Canadian actor (born 1949)

Michael Hogan (born March 13, 1949) is a Canadian actor best known for playing Colonel Saul Tigh in the 2004 Battlestar Galactica series. Other notable roles include Billy in The Peanut Butter Solution and villainous werewolf hunter Gerard Argent in Teen Wolf. He also lent his voice to Armando-Owen Bailey in the Mass Effect series, General Tullius in The Elder Scrolls V: Skyrim, and Doc Mitchell in Fallout: New Vegas.

== Biography ==
Michael Hogan was born in Kirkland Lake, Ontario in 1949, raised in North Bay, Ontario and studied at National Theatre School of Canada.

==Career==
Hogan began his career in 1978 and has starred in numerous TV shows, plays, radio dramas and operas.
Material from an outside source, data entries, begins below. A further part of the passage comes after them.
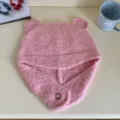 Süße rosa Bärenohr Plüsch Strickmütze für Damen, warme Winter winddichte Pulli Mütze neu. - M (56-58cm) / Rosa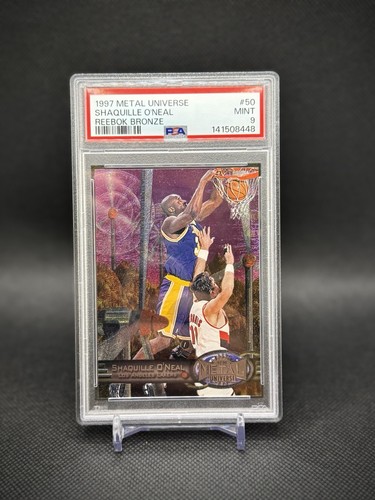 Shaquille Oneal 1997 Metal Universe Reebok Bronze PSA 9 Mint Lakers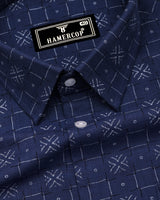 Pecan Blue With White Printed Dobby Cotton Shirt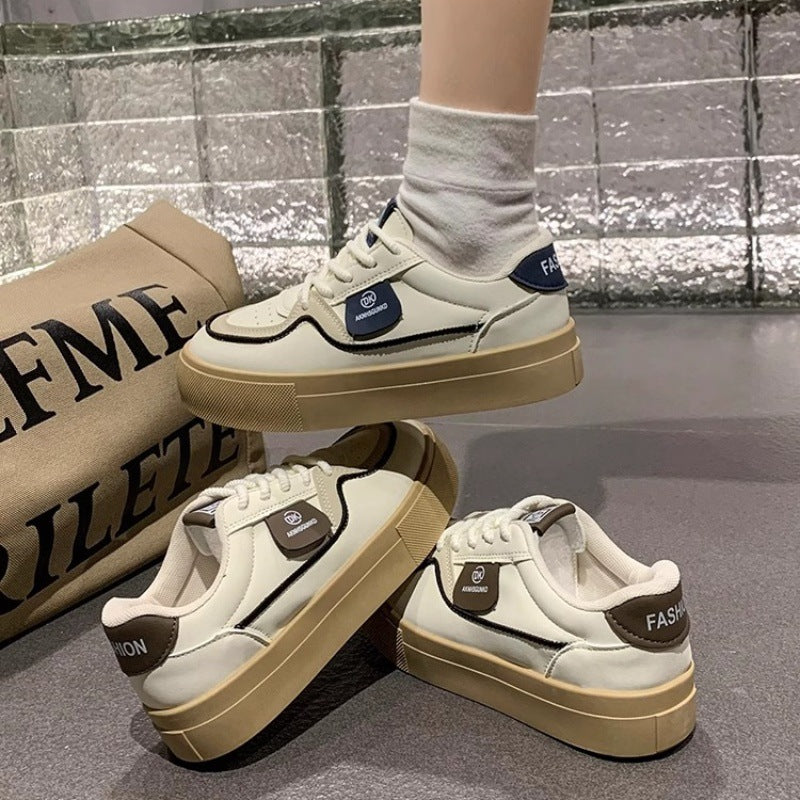 Autumn and winter new niche original dopamine white shoes, student versatile casual shoes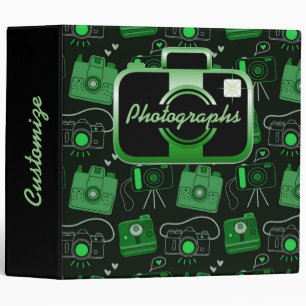 Green & Black Shutter Bug Retro Cameras Binder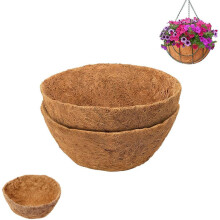 (12in, 2pcs) 2 Kokos-Einlagen für Pflanzenkörbe, rund, 14 Zoll, Ersatz, für Garten, Deko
He started in plays at the Shaw Festival.

He made his film debut in the Peter Fonda trucker picture High-Ballin' (1978). He and his wife soon became a popular television couple, as the stars of the 1983 Canadian series Vanderberg and the 1986 Canadian-German series The Little Vampire. In 1985, he also starred in the children's film The Peanut Butter Solution.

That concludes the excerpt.